--- START ---

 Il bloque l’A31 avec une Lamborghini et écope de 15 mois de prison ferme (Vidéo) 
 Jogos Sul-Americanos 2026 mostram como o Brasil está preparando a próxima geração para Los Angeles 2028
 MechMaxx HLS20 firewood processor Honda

--- END ---
--- START ---

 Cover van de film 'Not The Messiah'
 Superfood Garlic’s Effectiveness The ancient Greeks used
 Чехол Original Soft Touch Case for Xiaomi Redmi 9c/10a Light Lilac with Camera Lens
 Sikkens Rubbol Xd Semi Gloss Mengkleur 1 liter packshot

--- END ---

**EXERCISE PROMPT:** Where the data above reaches the line holding "Чехол Original Soft", begin printing, and stop after the line holding "Sikkens Rubbol Xd". Each line must be reproduced exactly, with nothing else added.

**EXERCISE SOLUTION:**
 Чехол Original Soft Touch Case for Xiaomi Redmi 9c/10a Light Lilac with Camera Lens
 Sikkens Rubbol Xd Semi Gloss Mengkleur 1 liter packshot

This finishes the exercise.